どの家庭の子供でも、平等に社会から祝福され、そしてゆくゆくは、労働、消費など社会活動をはじめます。もちろん、結婚し新たなメンバーを創造する大切なチームメンバーの一人なのです。
ですから、妊娠をすることは特別です。特別ではない、優遇されるべきではない!などの主張をする人は、巡り巡って、いずれ自分の生活や人生に影響を及ぼす存在であることを認識できていない想像力の乏しい方であるといえるでしょう。
優先席をやめて専用車両を作るべき
残念なことにいくら妊婦に冷たい人はおかしい!と批判しても、これらの人の認識を変えることは困難です。
筆者は、優先席を廃止して、専用車両を設けることが解決の一つになるのではないかと考えています。

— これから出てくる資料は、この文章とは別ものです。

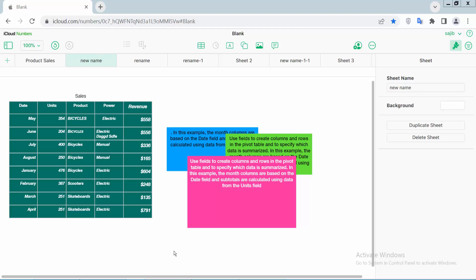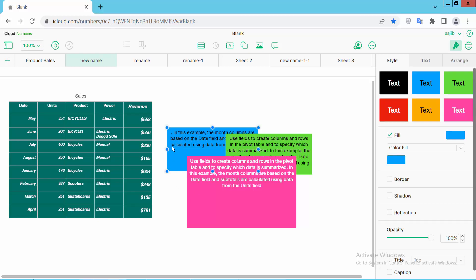Hello everyone, today I'll show you how to bring a text box to the front in Apple Numbers sheet. Open your Apple Numbers sheet. I'll bring this text box in front of all of these text boxes. Click on this text box.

現在、首都圏の鉄道では、混雑する時間に「女性専用車両」が設定されていますが、同様に、すべての時間で「高齢者・障碍を持つ方・妊婦専用車両」を設けます。
専用車両では、利用できる人の定義も明確化し、高齢者の年齢もはっきりさせます。加えて、病気や障碍を持つ方、妊婦の方と定義し、それ以外は乗ってはいけない車両とします。
優先席は、あくまで優先。一般の方も多く座っています。声をかけるのも憚られる訳ですから、意味をなしていません。専用車両となれば、声をかけるリスクを廃することができますよね。
女性専用車両も様々な問題が指摘されていますが、やはり多くの方が痴漢から避難する手段として利用している現状があります。ならば、命の危険を感じている人を守らないのもおかしな話です。
本来は、「優先席」ですらおかしな話。自発的に席を譲るのが健全な社会というもの。それができないのであれば、徹底的に守る仕組みを作るしかないのではないでしょうか?